Then again, I’m revising the hell out of all of them. It’s not like Michelangelo “finding” the form in the marble. It’s more like a potter shaping something that’s in motion, in response to the shapes that are emerging in her hands. And then collapsing it all and doing it again. That sounds more organic than it is. But then all metaphors are.

As to the serial poems, I try to hew to Jack Spicer’s injunction to listen to “The Outside” – that is, to try not to find the perfect words to ex-press my inner truth, but rather to trust that I’m receiving something more important as words come into my head. And I collect phrases, sentences, etc. I have a “word collection” that I draw upon as the bricks for poemlets – then I put in new words to form the mortar. 

Anyway, here is a section of No Soap (v. 1 of the B.P., as free PDF) - a portion also appeared in Hotel Amerika; and here is a section of Griefing on Summit (v. 2). For poems, see earth day suite, published by the great Beard of Bees Press, also in Chicago, also as a free PDF.


Is that it? Are we done? . . .

OK! Well, now that you’ve suffered through the warm-up act, here are the headliners for Feb. 17:

TONY TRIGILIO’s newest books are The Complete Dark Shadows (of My Childhood), Book 1 (BlazeVOX Books, 2014); White Noise (Apostrophe Books, 2013); and, as editor, Elise Cowen: Poems and Fragments (Ahsahta Press, 2014).  His other books include the poetry collections Historic Diary (BlazeVOX, 2011) and The Lama’s English Lessons (Three Candles Press, 2006); the chapbooks With the Memory, Which is Enormous (Main Street Rag Press, 2009) and Make a Joke and I Will Sigh and You Will Laugh and I Will Cry (Scantily Clad Press, 2008); and two books of criticism, Allen Ginsberg’s Buddhist Poetics (Southern Illinois University Press, 2012) and “Strange Prophecies Anew” (Fairleigh Dickinson University Press, 2000).  He is co-editor of the anthology Visions and Divisions: American Immigration Literature, 1870-1930 (Rutgers University Press, 2008).  He directs the program in Creative Writing/Poetry at Columbia College Chicago and is a co-founder and co-editor of Court Green. Tune in next Monday to Tony's website.

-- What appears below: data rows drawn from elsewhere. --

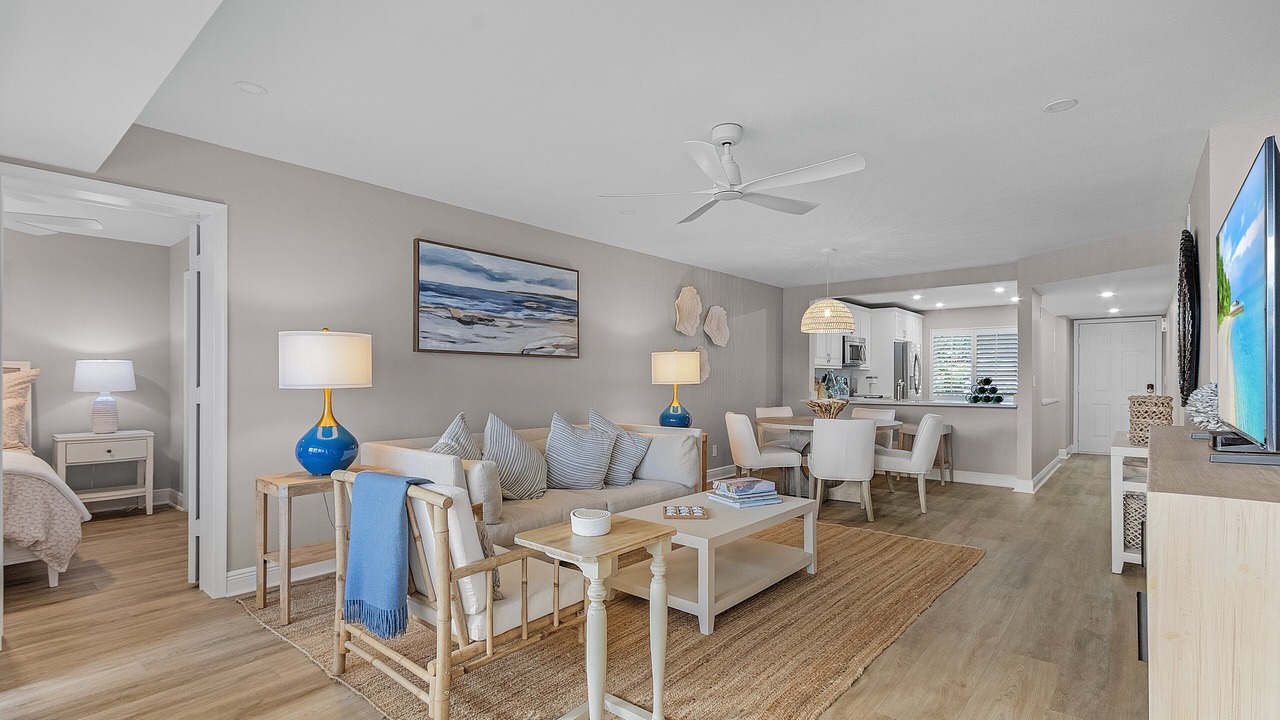 Photo of Livingroom in Vanderbilt Beach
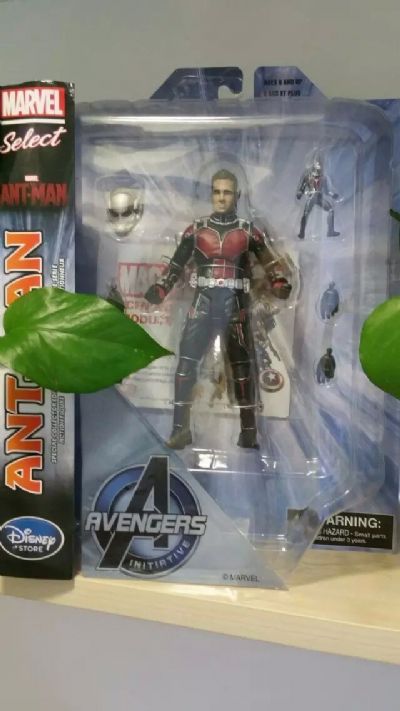 Avengers anime figure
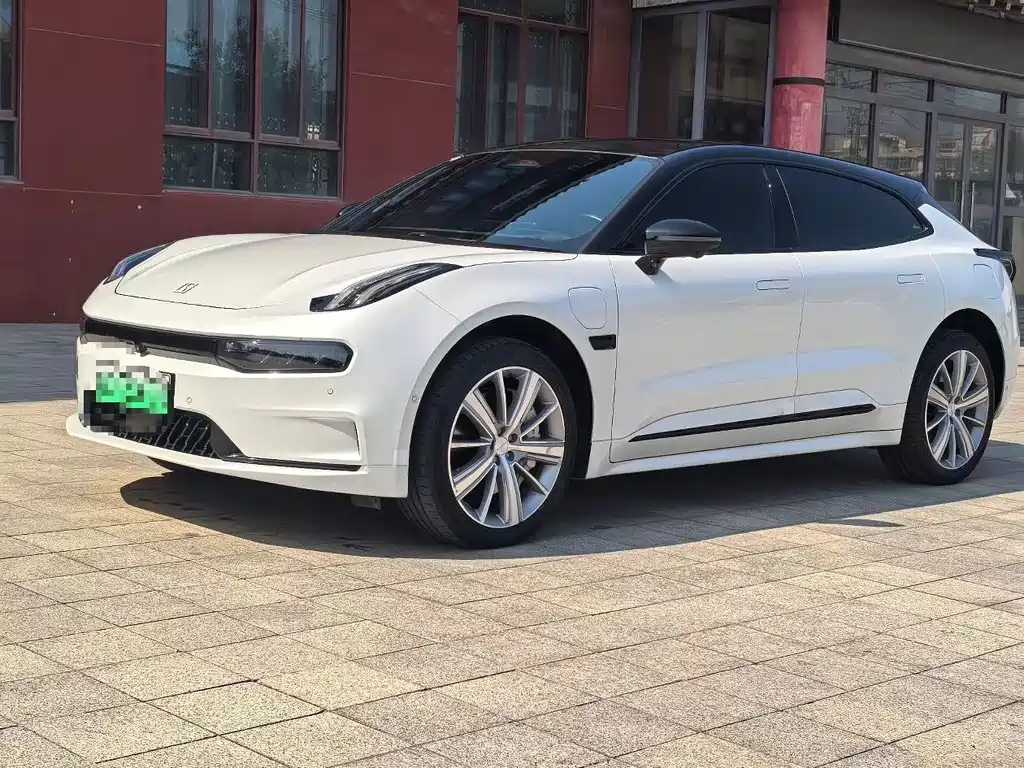 Zeekr 001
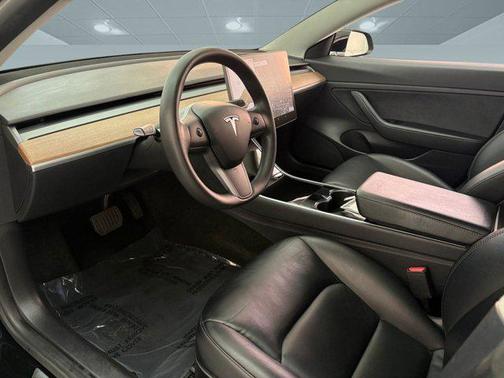 2020 Tesla Model 3 Standard Range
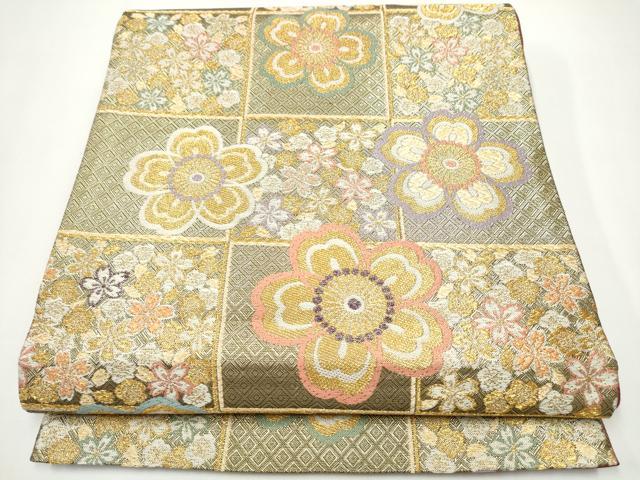 平和屋着物●六通柄袋帯 市松舞桜文 金糸 正絹 逸品 CAAX7324hy
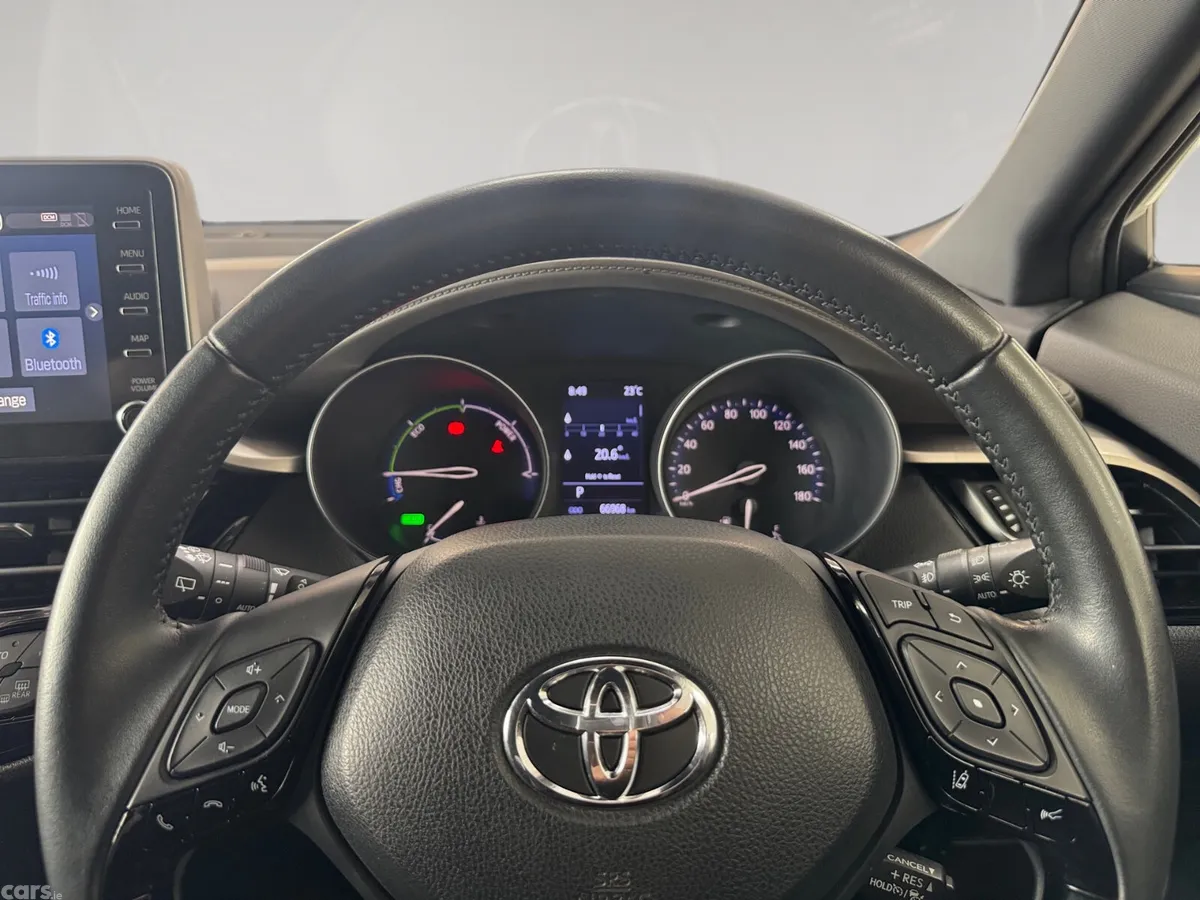 Toyota C-HR SUV, Petrol Hybrid, 2020, White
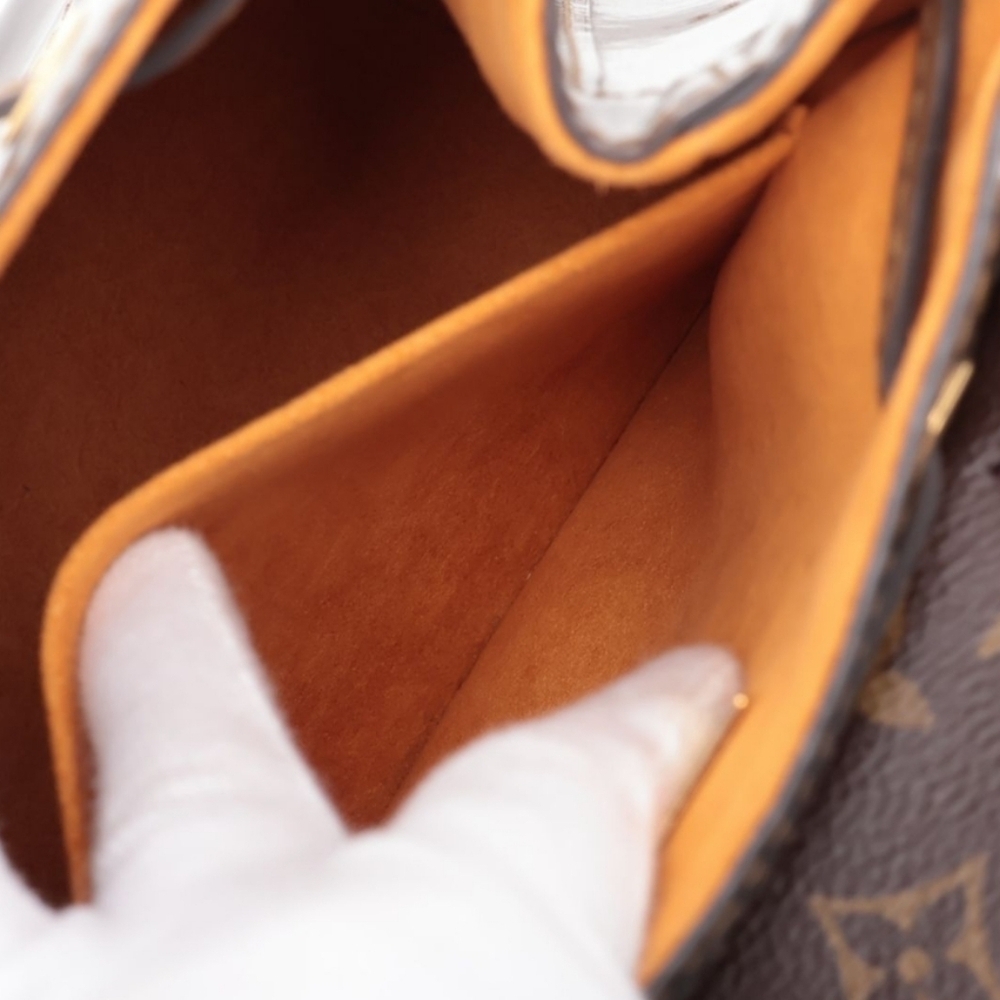 Authentic Louis Vuitton Vernis × Monogram Hot Spring - Picture 5 of 11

BEN CARTWRIGHT’s poetry and prose poetry have appeared in Sentence, The Stinging Fly, Parcel, and Midwestern Gothic.  He was awarded the Ana Damjanov Poetry Prize from the Academy of American Poets, and won third place in the 2012 Atty Award poetry contest, judged by Margaret Atwood.  Ben records poets reading their work for his Kansas Blotter poetry archive, and his recordings of the poets Kenneth Irby, Rachel Blau DuPlessis, and Fred Moten have been added to the PennSound archive.  Ben lives in Topeka, Kansas, and teaches creative writing and literature courses at the University of Kansas. Tune in next Monday to Ben’s Blog

LEA GRAHAM is the author of the poetry book, Hough & Helix & Where & Here & You, You, You (No Tell Books, 2011). Her poems, translations and reviews have been published in Notre Dame Review, Southern Humanities Review and Fifth Wednesday. She is a contributing editor for Atticus Review’s feature, “Boo’s Hollow,” which showcases poets writing on place.  She is an Associate Professor of English at Marist College in Poughkeepsie, New York. Her entry will appear on the Atticus Review web site (somewhere - stay tuned!).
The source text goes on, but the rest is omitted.